**Directions for this task:** Your answer must be an exact repeat of the lines from the one containing "2021 Jeep Grand" through the last line of the records, both included, with no pictures.
====== Given records
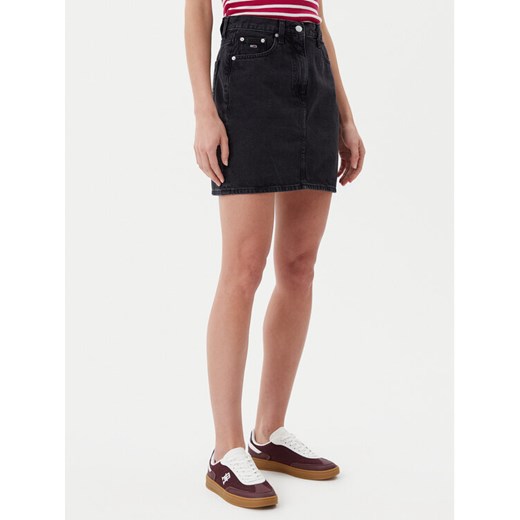 Tommy Jeans Spódnica jeansowa DW0DW21275 Czarny Mom Fit ze sklepu MODIVO w kategorii Spódnice - zdjęcie 182759229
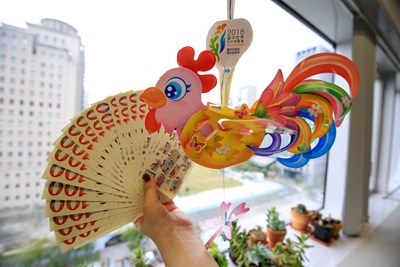 加入中市府LINE官方帳號抽好禮 雞年可愛小提燈與超商禮券帶回家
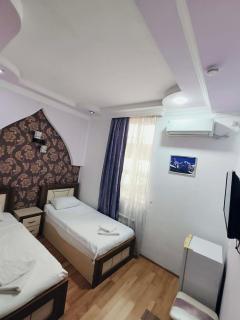 Lux Palace Hotel - 2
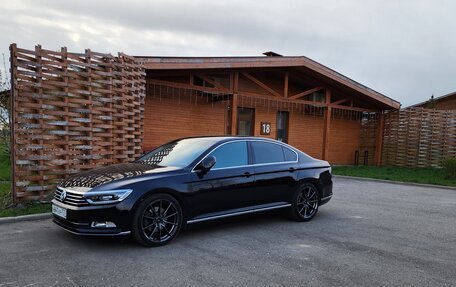 Volkswagen Passat B8 рестайлинг, 2017 год, 2 800 000 рублей, 3 фотография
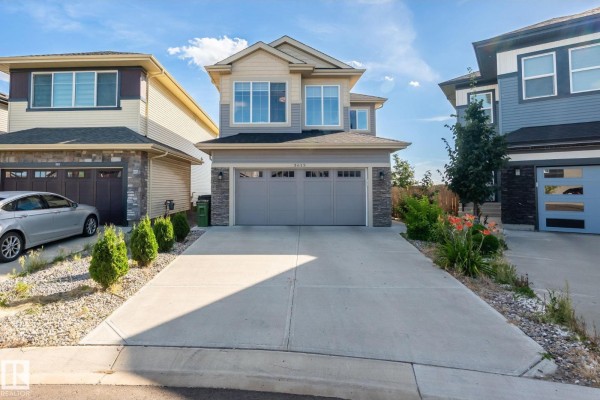 3613 Checknita Cove Sw, Edmonton, AB, photo 2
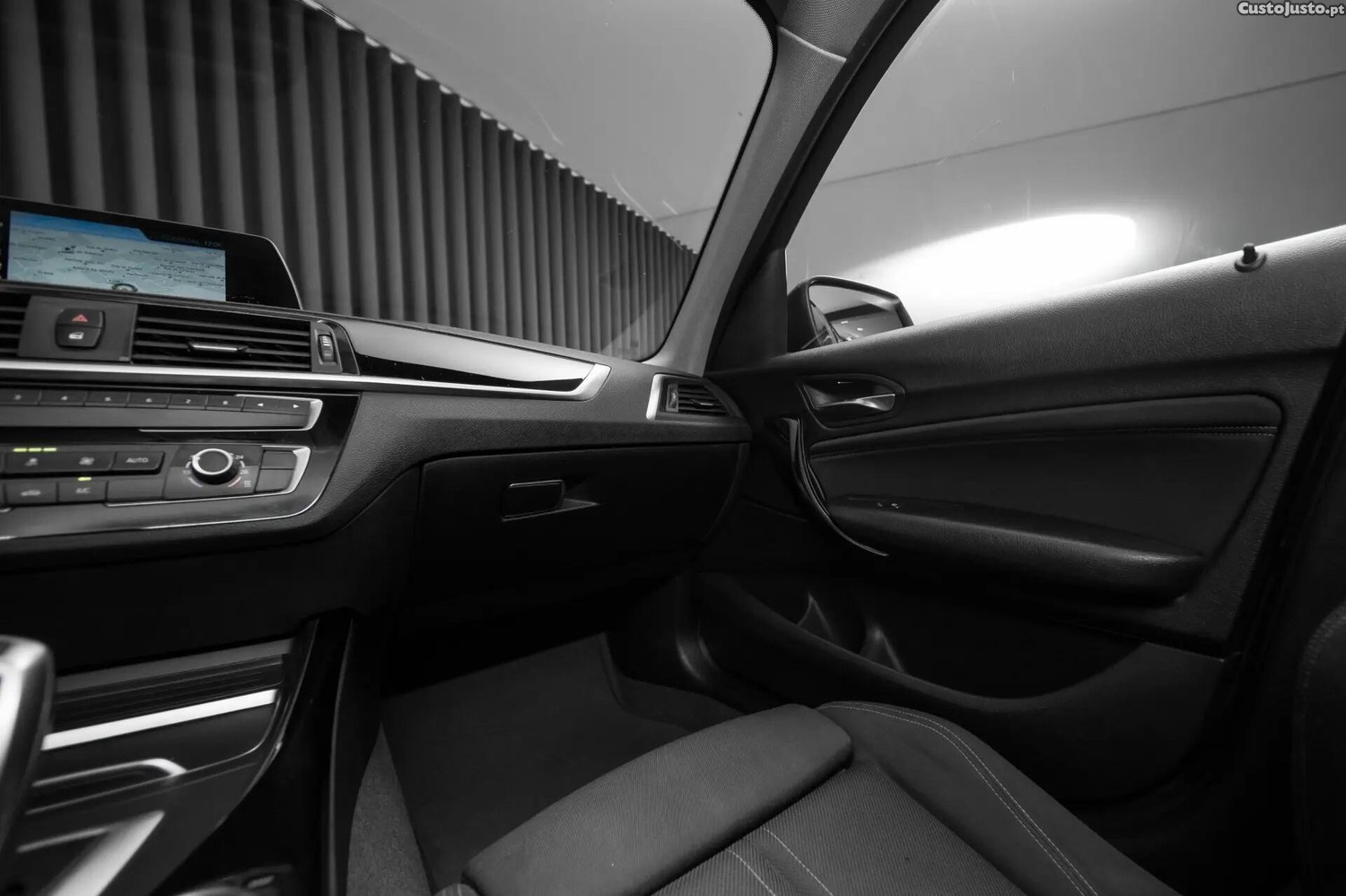 BMW 116 d Line Sport Auto — fotografia 12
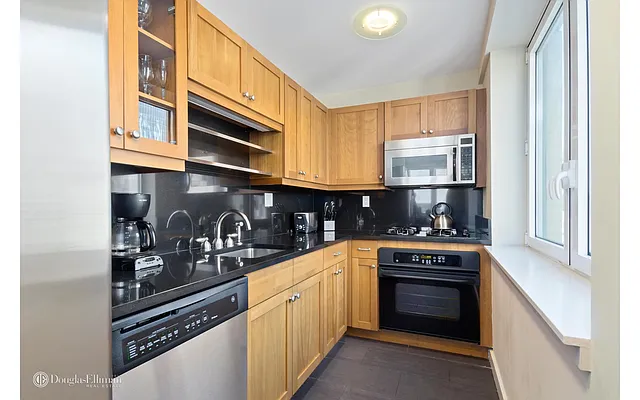 Rented by Douglas Elliman | media 3
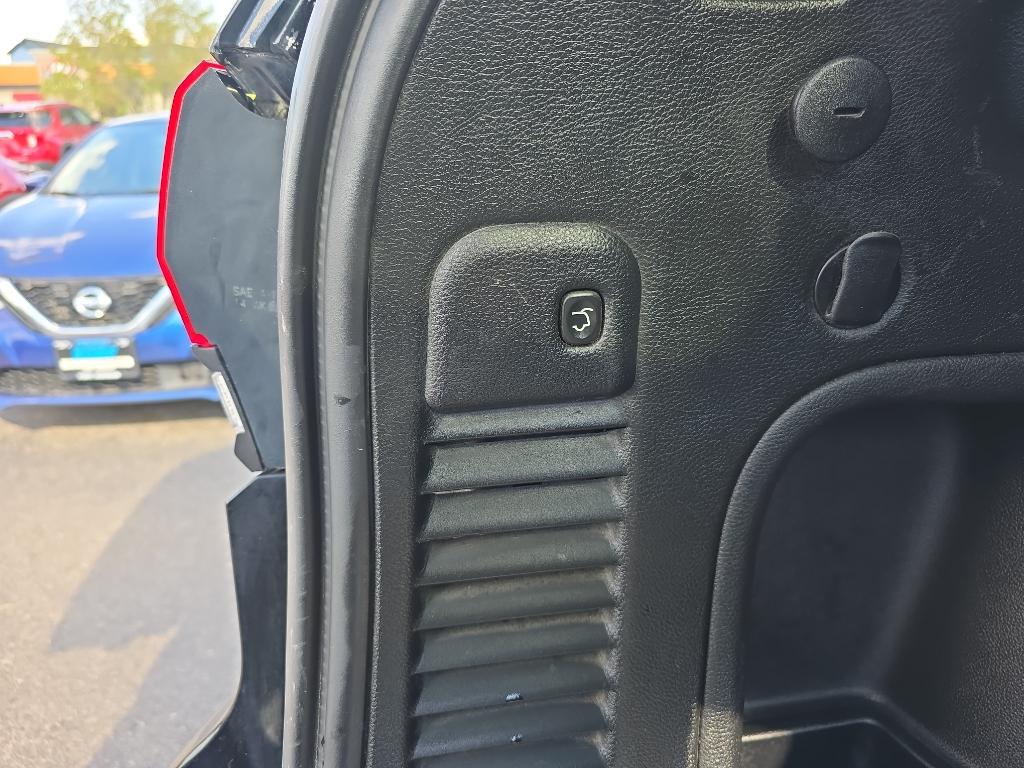 2021 Jeep Grand Cherokee Anniversary Edition photo 9
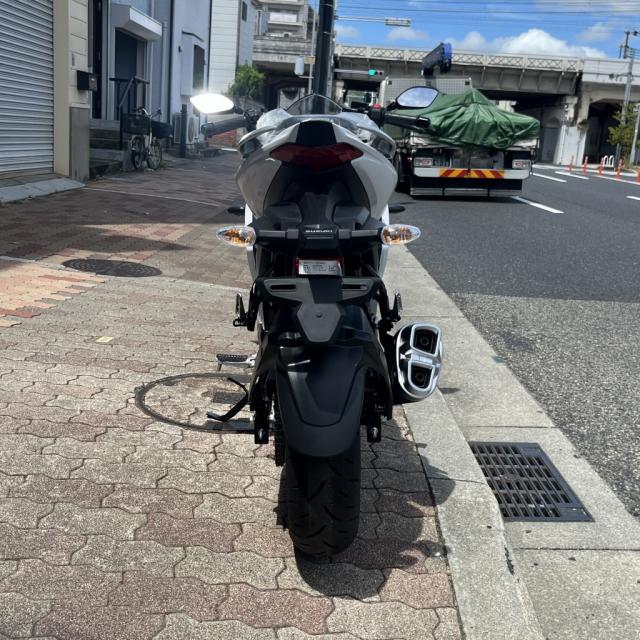 スズキ ジクサーSF250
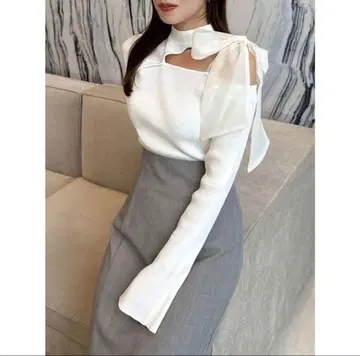 dazzlin 원숄더 리본 니트탑 화이트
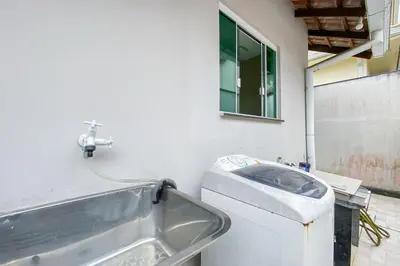 Uma casa de banho em Casa 400m da Praia de Palmas - 0343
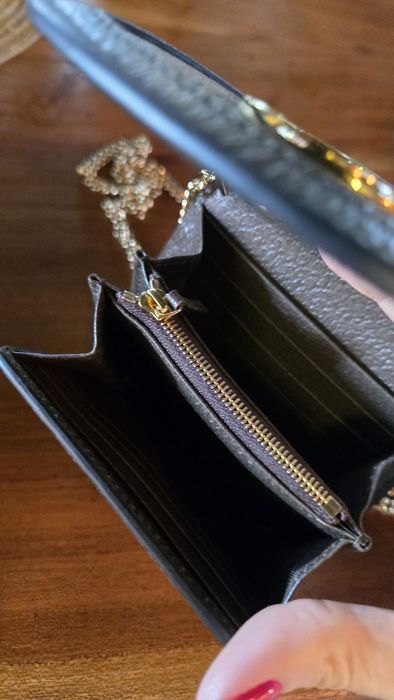 Gucci Blondie wallet on chain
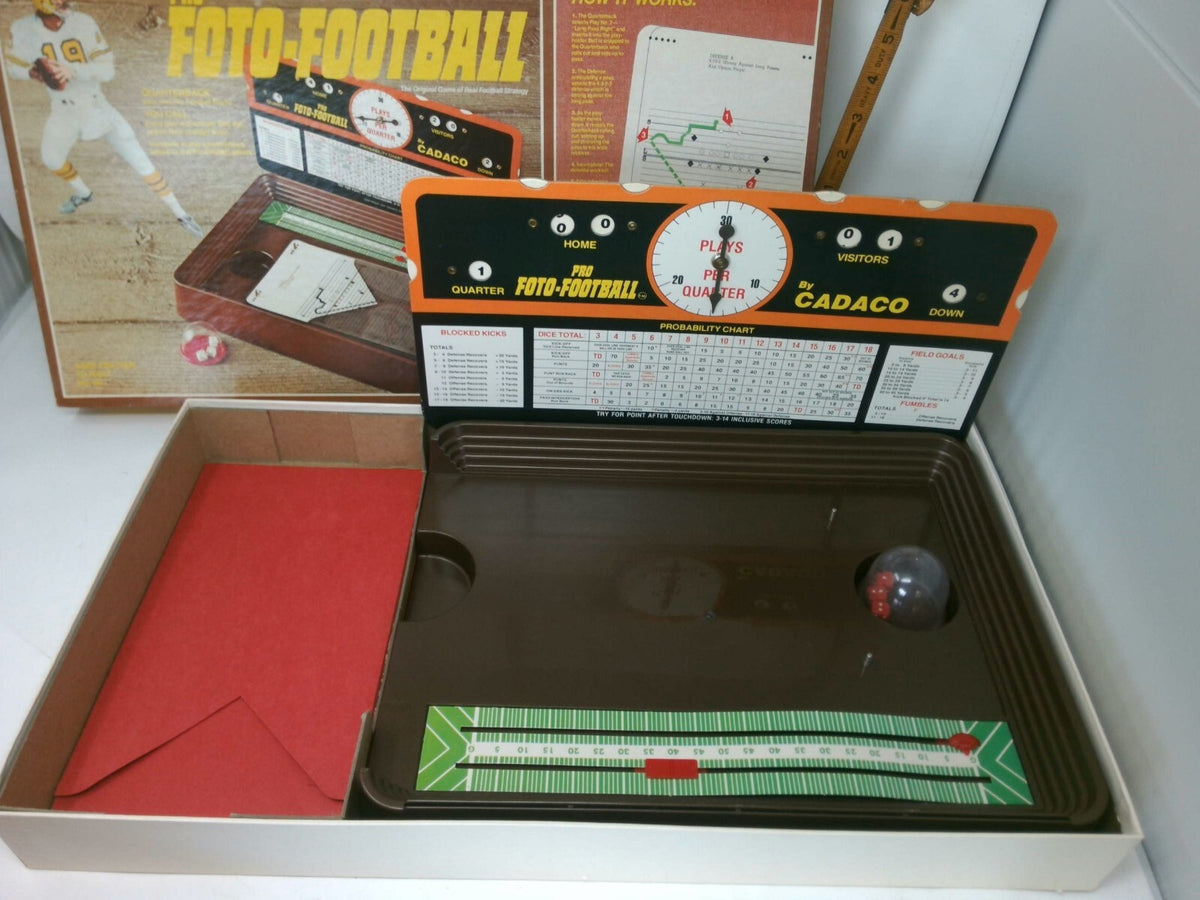Cadaco Foto-Football board game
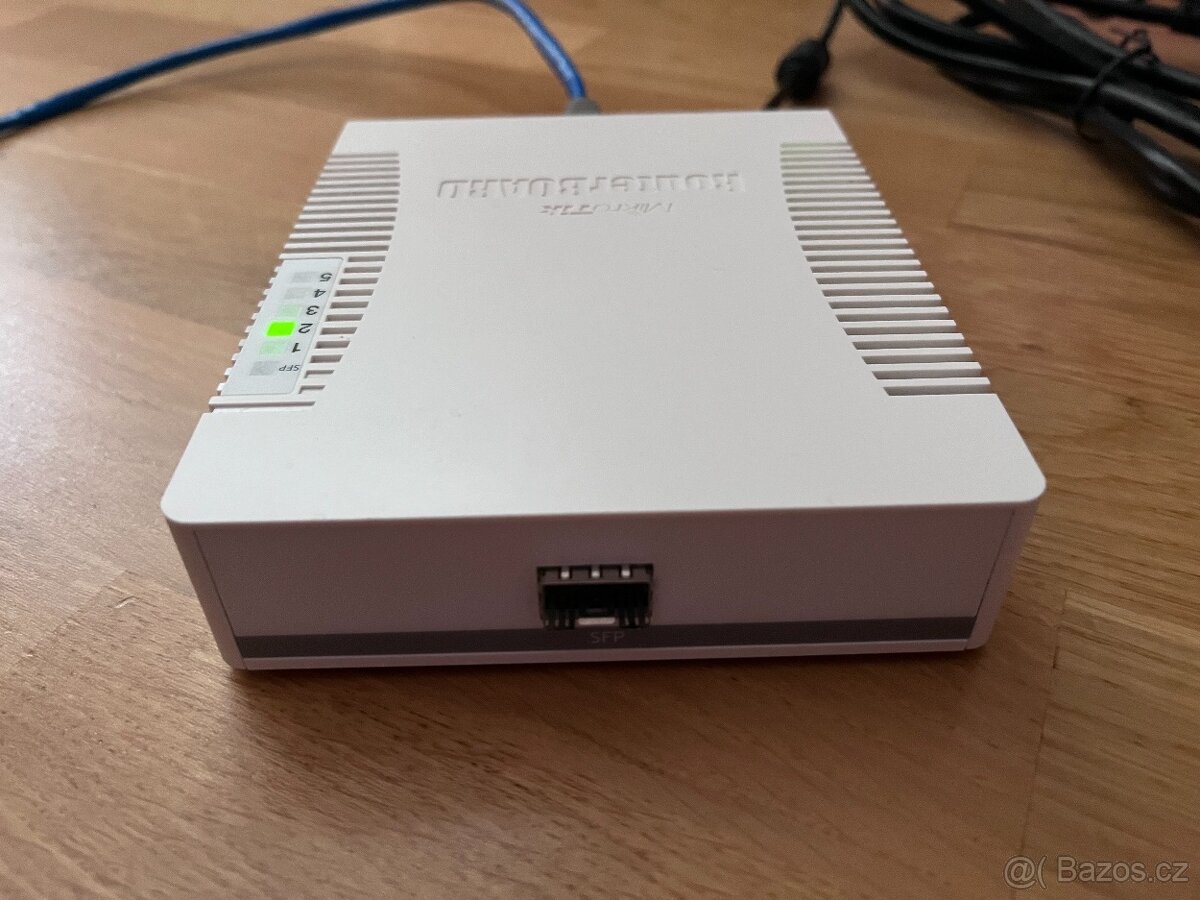 Prodam Mikrotik Switch RB260GSP - 2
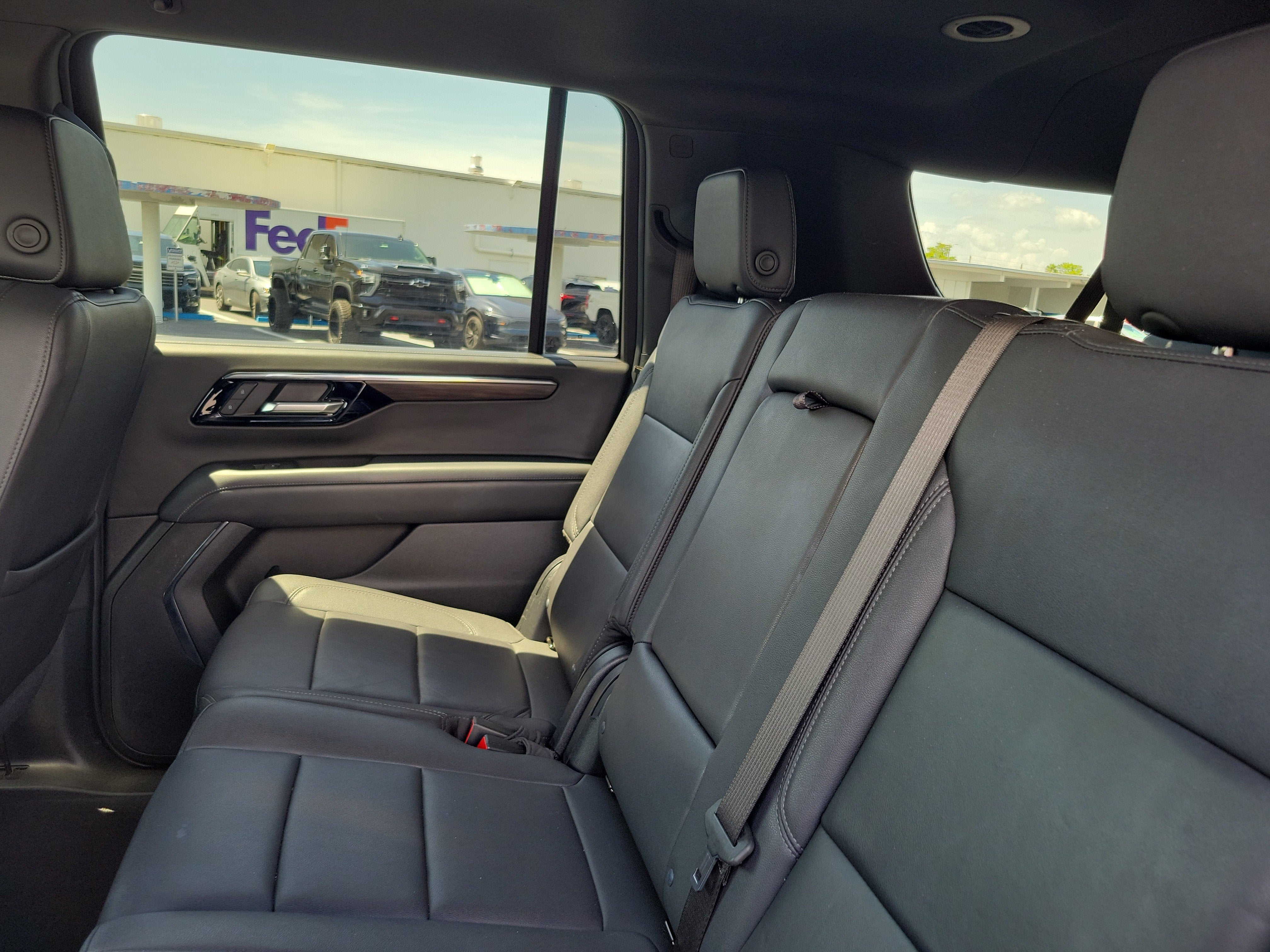 2025 Chevrolet Suburban LT
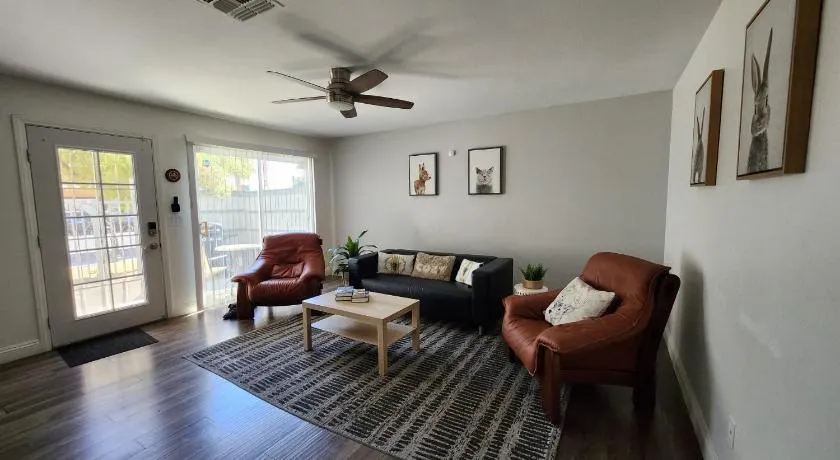 L - Fully remodeled and professionally decorated - Image 1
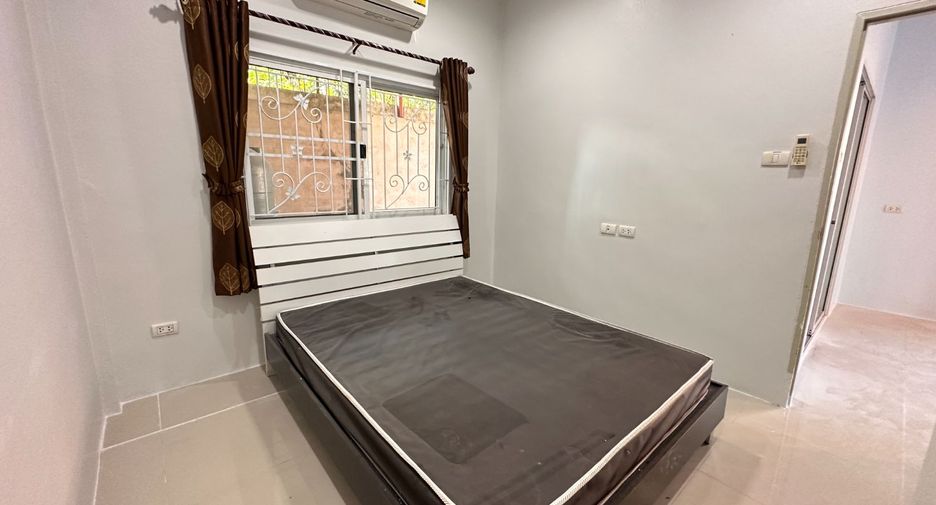 Casa en venta de 2 habitaciones en Si Racha, Chonburi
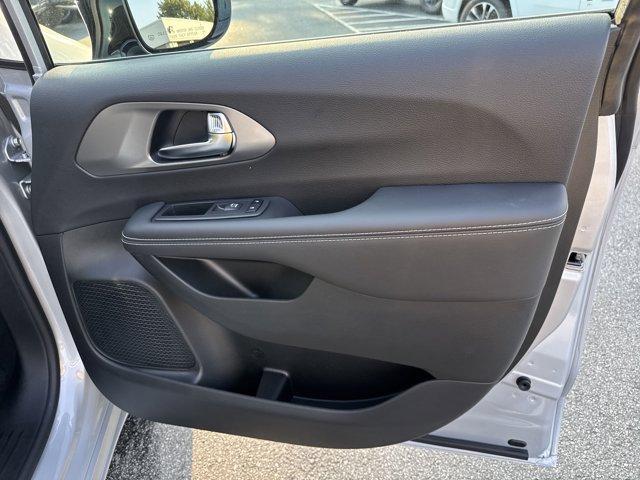 new 2026 Chrysler Pacifica car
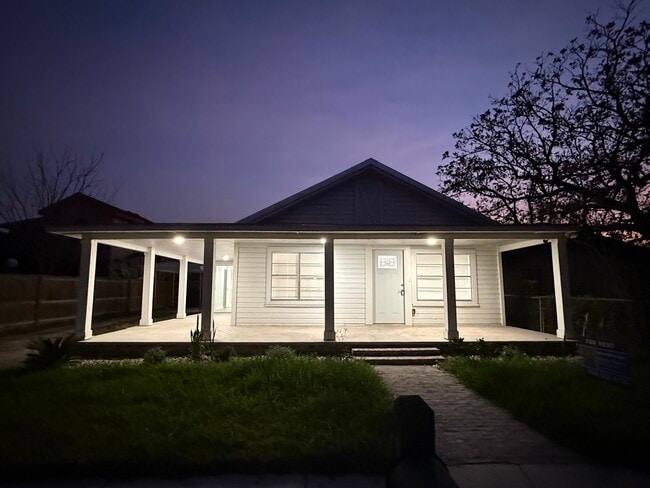 property at 606 E Kuhn St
============
**Task solution:**
 2021 Jeep Grand Cherokee Anniversary Edition photo 9
 スズキ ジクサーSF250
 dazzlin 원숄더 리본 니트탑 화이트
 Uma casa de banho em Casa 400m da Praia de Palmas - 0343
 Gucci Blondie wallet on chain
Cadaco Foto-Football board game
 Prodam Mikrotik Switch RB260GSP - 2
 2025 Chevrolet Suburban LT
 L - Fully remodeled and professionally decorated - Image 1
 Casa en venta de 2 habitaciones en Si Racha, Chonburi
 new 2026 Chrysler Pacifica car
 property at 606 E Kuhn St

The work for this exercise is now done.